The National Trust has been successful in its bid to pursue a landscape recovery project for the Yorkshire Dales.
The bid – to be known as the Heart of the Dales project – was announced by the Department for Environment, Food and Rural Affairs (DEFRA) as part of the second round of the national landscape recovery scheme.
Heart of the Dales will focus on delivering gains for habitats and farming in partnership with tenant farmers and landowners across the Dales.
The initial phase of the project will focus on planning how landscape recovery can be delivered within the Dales’ challenging terrain while delivering for nature, climate resilience and carbon sequestration, with a bespoke approach for each farm.
Officials say that eventually, Heart of the Dales could see more trees in the landscape, improvements to water quality and associated habitats, alongside other steps to mitigate the effects of climate change and improve biodiversity such as peatland restoration and species reintroductions.
Alongside its landscape recovery work, the National Trust is looking at changing land management practices to improve Malham Tarn National Nature Reserve to further protect and promote its status as a wetland site of international significance.
Gwen Potter, project manager for the National Trust in the Yorkshire Dales, said: “We’re so thrilled to have yet more support for the National Trust’s work to make our iconic Yorkshire landscapes fit for a rapidly changing climate.
“Having this part of the bid approved is a significant milestone in what will be a long-term project for the Dales – working with farmers, other local landowners, and many different communities along the way.
“Nature-based solutions are an essential component in the fight for climate resilience, but of course this is equally about ushering in an exciting new era for farming and wildlife too, ensuring financial and environmental sustainability for the long term for our farming communities.
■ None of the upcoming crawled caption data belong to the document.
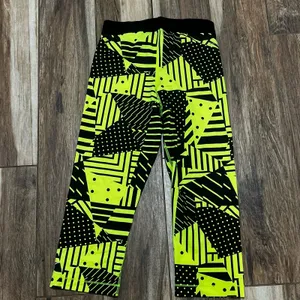Nike Pro lime green and black cropped leggings medium thumbnail 6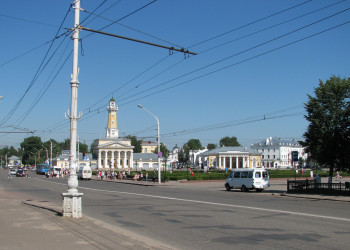 Сусаниская площадь в Костроме – фотографии России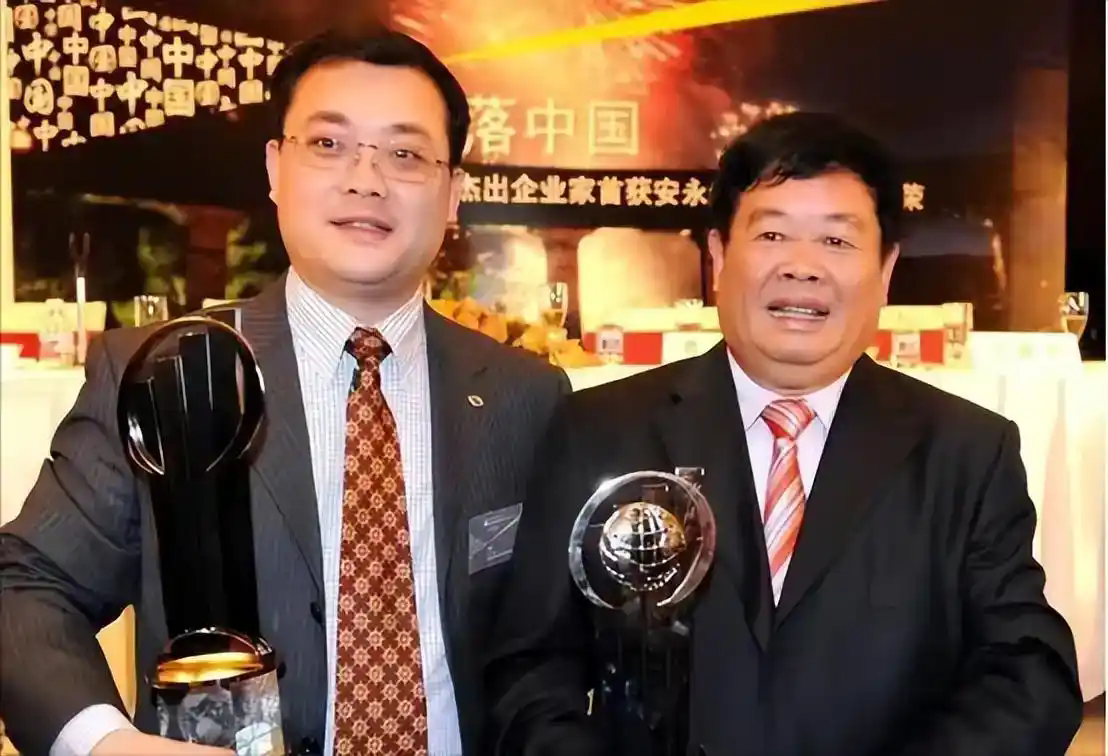 福耀玻璃：曹德旺辞去董事长职务，选举曹晖为新董事长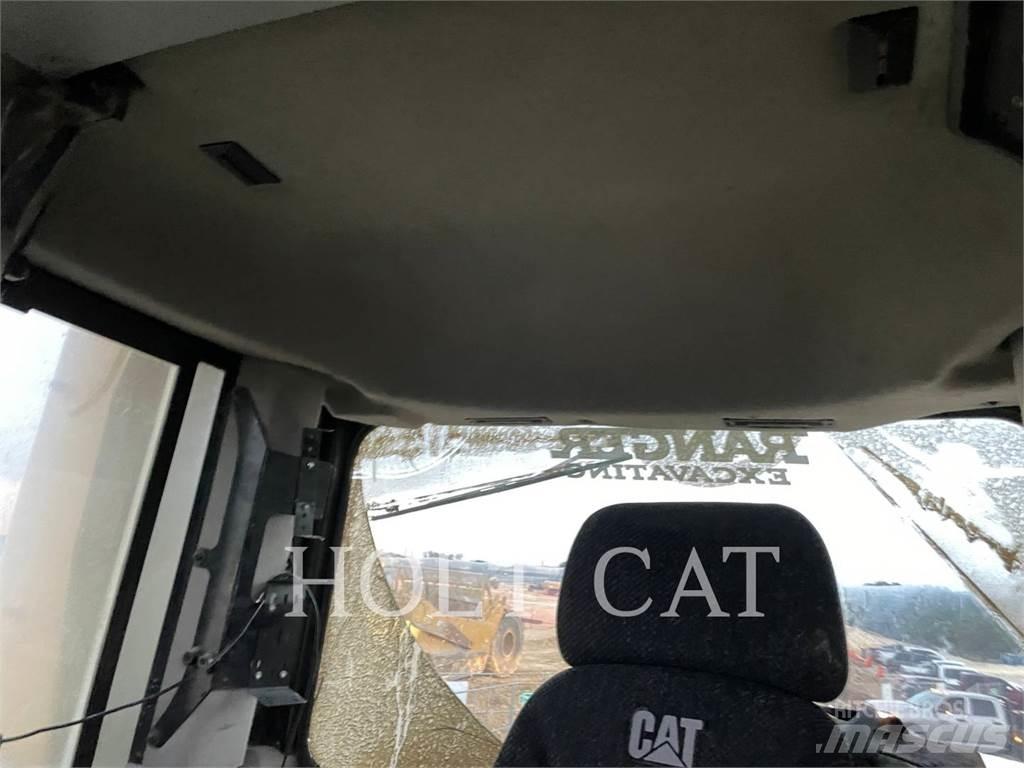 CAT D10T2 Гусеничные бульдозеры
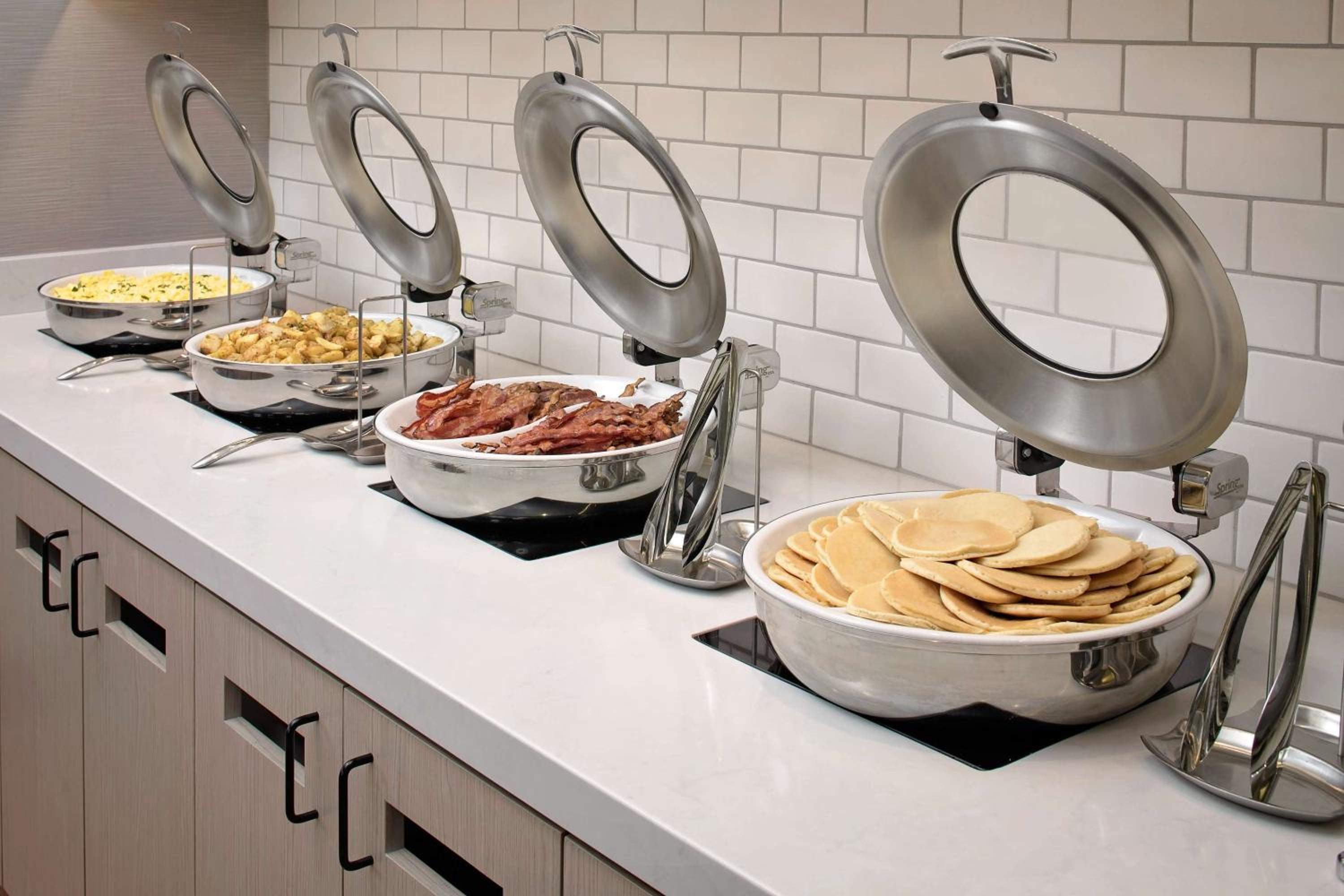 Orange County/Anaheim Vacations - Hyatt House Irvine/John Wayne Airport - Property Image 9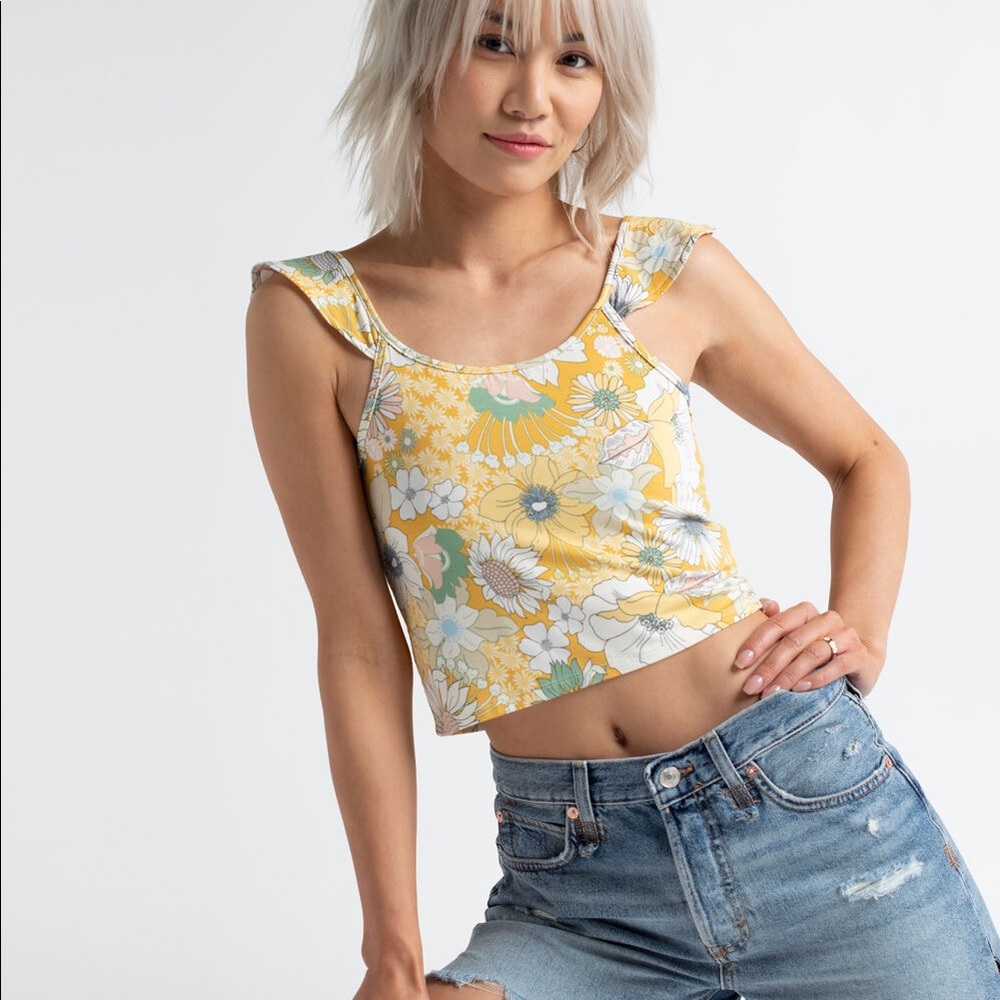 O’Neill Andy Floral Cropped Tank with Ruffle Shoulder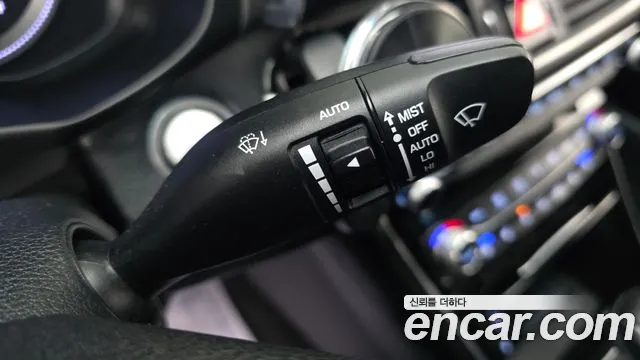 Hyundai Grandeur 2017 — фото 15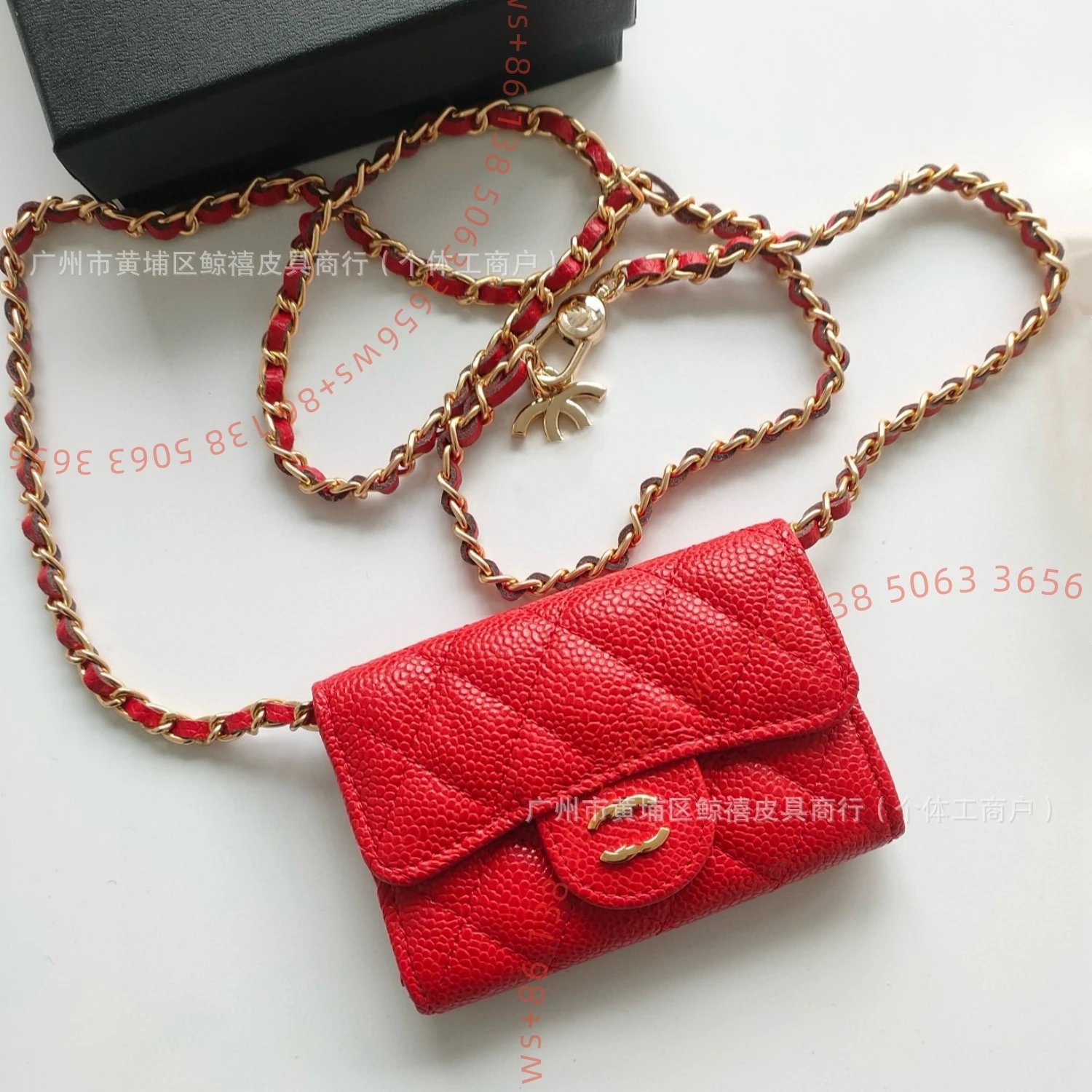 10 (Small size 11.3 * 7.5 * 2.1cm)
It’s as much about ensuring economic resilience for the area as it is about climate.”
Malham Farmer Neil Heseltine, whose Hill Top Farm will be included in the Trust’s Landscape Recovery scheme, said: “I’m delighted that the Heart of the Dales scheme is progressing to the next stage, and I’m particularly pleased to see that local farmers will be at the forefront of the design and planning process.
“No two farms are the same in the Dales, so it’s essential that we’re able to work collaboratively with landowners like the National Trust to find nature-based solutions for the challenges brought about by climate change.
“Landscape recovery is essentially about creating a more sustainable environment for everyone – ensuring that our farms are thriving, not just surviving, for generations to come.”
The news comes after the Trust national report on climate change – A Climate for Change – highlighted an alarming forecast that 71% of places cared for by the charity could be at medium or high risk of climate hazards by 2060.
The report specifically highlighted Darnbrook Farm – which is situated on National Trust land near Arncliffe – as being a good example of best practice when it comes to adapting to challenges presented by climate change.
The Trust’s Heart of the Dales project team, which recently relocated to the historic Malham Tarn House site, will now begin planning a number of public engagement and consultation events to be hosted across the Yorkshire Dales in 2024.